Biochemical measurement of urinalysis test was performed via a dipstick reading with a Multistik (Bayer), and microscope urinary sediment was analyzed through qualified technicians reading. Serum electrolyte and urinary dosage in isolated samples were performed in an automated way by the ADVIA 1650 device (Bayer). Venous blood gas analysis was performed by an ABL - 700 Radiometer. All examinations were performed in the Clinical Analysis Lab at the Hospital São Paulo.

Ophthalmologic assessments were performed by a team of the Department of Ophthalmology of UNIFESP-EPM; imaging exams were conducted by the Department of Imaging Diagnosis of UNIFESP-EPM.

Glomerular filtration rate (GFR) was estimated by the creatinine clearance, which was calculated based on Schwartz formula11 and classified according to KDOQI 2006.12

The following values were used in this study as references for urinary excretions in isolated urinary samples: calcium/creatinine < 0.2,13,14 uric acid fractional excretion (FE) < 10%,15 and phosphorus reabsorption rate > 80%.16

Evaluation of five patients with Lowe syndrome allowed us to study clinical, laboratorial, and nutritional evolution under therapeutic treatment proposed for the disorder over the study period.

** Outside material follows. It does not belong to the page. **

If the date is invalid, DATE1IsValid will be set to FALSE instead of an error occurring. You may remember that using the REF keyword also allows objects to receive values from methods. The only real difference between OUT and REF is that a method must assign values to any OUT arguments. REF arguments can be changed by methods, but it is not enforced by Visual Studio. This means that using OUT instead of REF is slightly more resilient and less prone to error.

In this study, each patient was accompanied by a team of pediatric nephrologists and nutritionists. According to the literature, all were treated with oral supplement of sodium bicarbonate, and 80 - 100 mg/ kg/day of L-carnitine. Three (3/5) used a formula containing phosphorus (Neutrophos K 250 mg P + 14.25 mEq K / 5 mL), three (3/5) used calcitriol, and four (4/5) used an angiotensin converting enzyme inhibitor (captopril 0.5 - 2.0 mg/kg/day). Additionally, all consumed a diet in which calories and quantities of macro and micro-nutrients were specifically adjusted to individual needs.

RESULTS

Table 1 shows the clinical characteristics of the patients studied related to gender, age at diagnosis, follow-up time, presence of cataracts, fractures, rickets, and delay in NPMD. Age at the first consultation varied between 2 and 151 months (medium 76.5 months) with a mean follow-up time of 30.5 months (minimum 8 and maximum 53).

According to the standard of genetic transmission (recessively linked to X), all patients were males. Of the patients described, only one (patient 5) had a positive family history with two affected members.

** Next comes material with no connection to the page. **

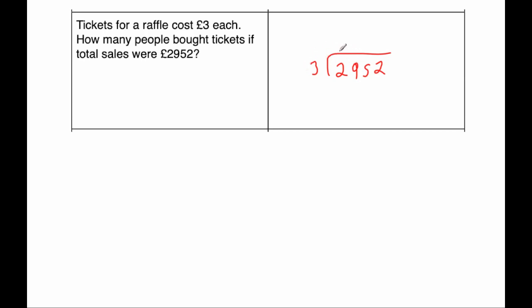So 3 into 2 doesn't go, so 0, remainder 2. 3 into 29, well that goes 9 times, that's 27, remainder 2. 3 into 25, well that would go 8 times, remainder 1. And 3 into 12 goes 4 times. So 984 tickets were sold. And if each person bought one ticket, that would be 984 people.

All children presented a delay in neuropsychomotor development and cataracts at an early age; the cataracts can be corrected surgically. Despite early treatment, all patients presented a visual precision deficit and ocular nystagmus. One of them (patient 2) progressed with unilateral glaucoma controlled by drug treatment and keloid lesion in the contralateral cornea that required surgical intervention. Patients 1 and 4 presented unilateral amaurosis secondary to retinal detachment. One of the mothers presented cataracts at an early age.

The diagnosis was performed based on the clinical analysis, phenotype, and complementary exams.

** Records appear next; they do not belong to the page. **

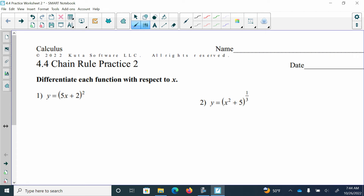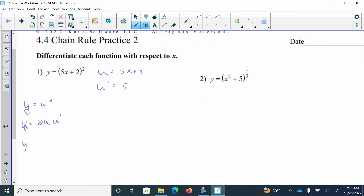Number one: I'm raising (5x + 2) to the second power. I'm going to say that my u is what's inside, so that's going to be 5x + 2, and the derivative of u is just going to be 5. So I rewrite y as u squared. Taking the derivative, I get 2u to the first power, then multiply by the derivative of u. Substituting back in, I have 2 times (5x + 2) times 5, which finalizes to 10 times (5x + 2) to the first power.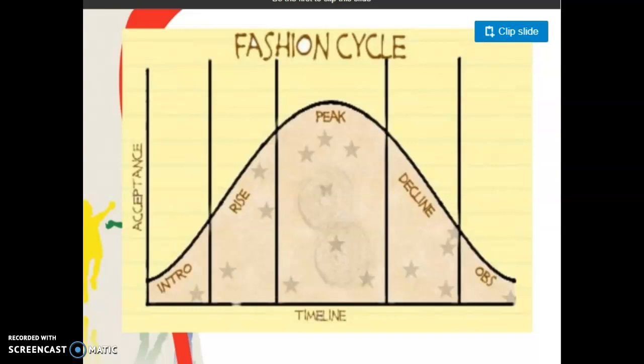What this graph refers to: first, a particular style is introduced and a number of people purchase it. This is the peak stage, where the majority of people are following that particular style. Then, after a particular period, it comes down — the number of people using that particular style is reduced. So this stage is the declining stage, and the last one is the rejection stage.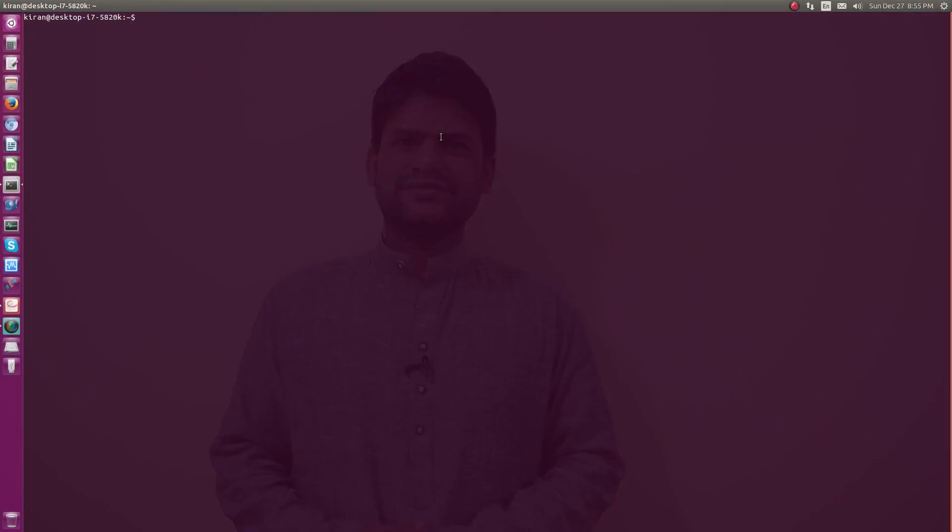So let me just take you to my desktop and show you how it can be done in a typical Linux-based system. So here is my desktop. I have pre-installed these tools.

Cataracts, which were bilateral in most cases and nystagmus were the main clinical signs in the first months of life. The delay in neuropsychomotor development was present in all cases during the first months. Appendicular and axial hypotonia were noticed in four of the five patients, and mental retardation appeared in all, to different degrees.

All of the patients described presented delays in the acquisition of language, and none are literate. Four patients out of five do not walk, and one (1/5) began to walk at the age of five.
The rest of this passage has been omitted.